Updated On: 08 November, 2024 07:23 AM IST | Mumbai | Rosalyn D`mello
As I live remotely from areas where injustice prevails, I am unable to attend protests. Yet, I feel sure the silent work I do from the comfort of my home and university is helping make a difference

I have begun to turn to my editorial and teaching work as sites of potential radicalising. Representation Pic/istock
I must confess, there is a part of me that is increasingly switching off as a response to being inundated by news of Israel’s continuing aggression in Gaza and Lebanon, the forced starvation and displacement of countless people whose humanity is being denied, the return to power of a convicted criminal in a country whose democracy has been founded on the bodies of indigenous people and institutionalised slavery, not to mention the slew of climate catastrophes that are not limited to ravaging floods. I saw the metered readings for Delhi’s air quality and felt suddenly ashamed for affording the privilege of no longer living there. There’s another part of me that is tired of always having to show resilience in the face of this apocalyptic shit show that we’re confronted with daily, because we have so many structures and systems that are deeply embedded with white supremacist-settler colonialist-patriarchal-capitalist modes of functioning that we are struggling to break down. It’s as if each time we think we are victorious and the system has collapsed, it seems to mutate and get re-constitute, like Sauron in Rings of Power.

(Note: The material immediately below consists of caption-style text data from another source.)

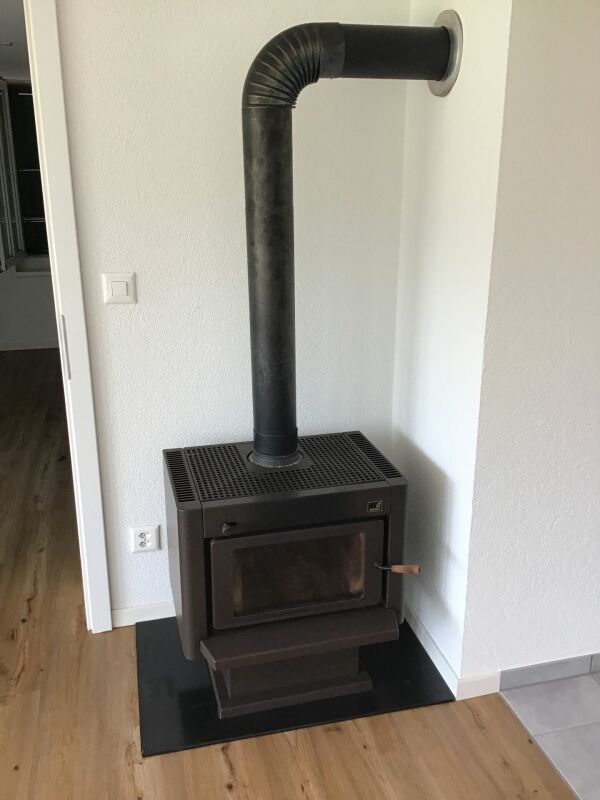 Appartement de 2 ½ pièces, photo 3 sur 9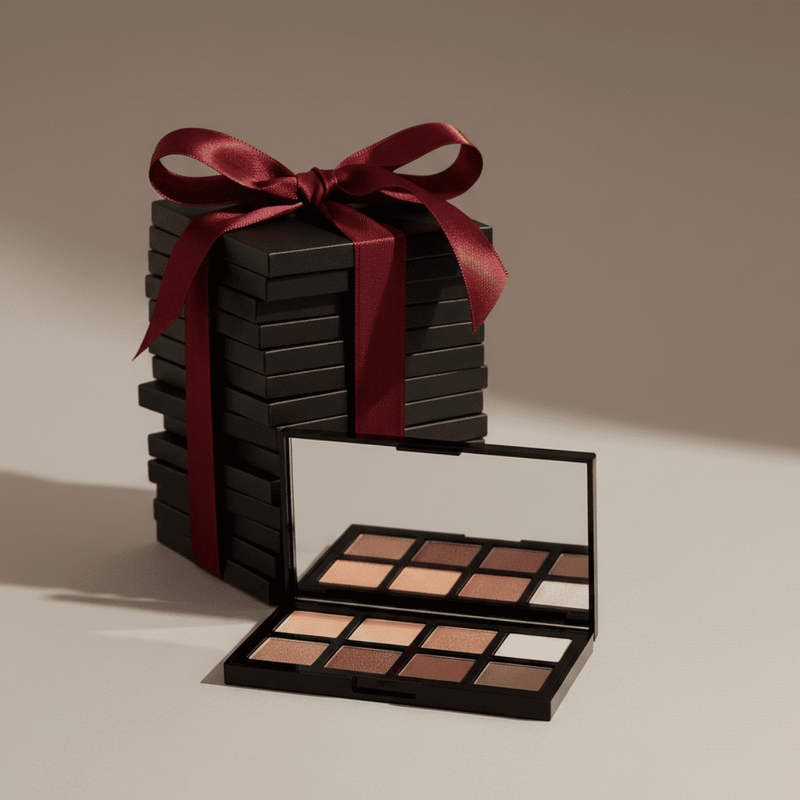 The Necessities Palette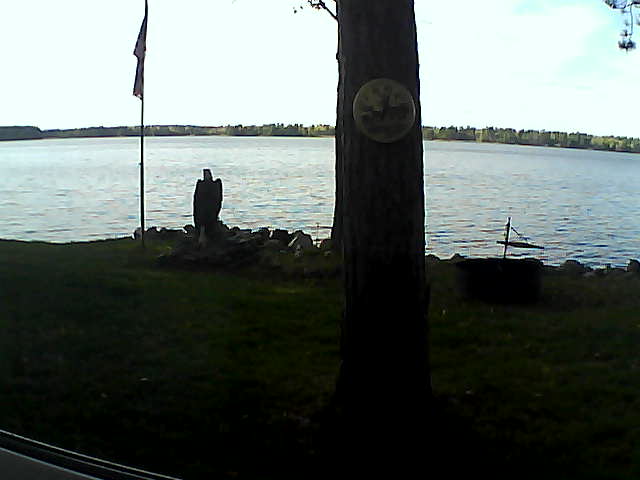 Whiteface Cam Image - Sun, 10/04/2020 3:33pm 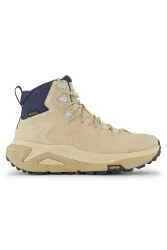 HOKA Kaha 3 Gore-Tex® Damen Wanderschuh Braun, Damen, Größe: 7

A lot of my feeling of helplessness stems from living remotely, in a region where people have a long-distance sense of empathy for what is happening in other parts of the world but do not feel like they are directly affected by any of it. I find this schism between my personal lived reality and that of the larger world seems to grow every day. It is the lack of any form of mobilisation where I live that feels alarming to me. Sure, there are feminist groups, but when you scratch the surface you find different shades of whiteness, and a lack of intersectionality. I struggle to find my place in this worldview that has a very straightjacketed lens when it comes to the perception of immigrant women and their lives or underlying Islamophobia that tempers many white feminists’ ability to be radically inclusive.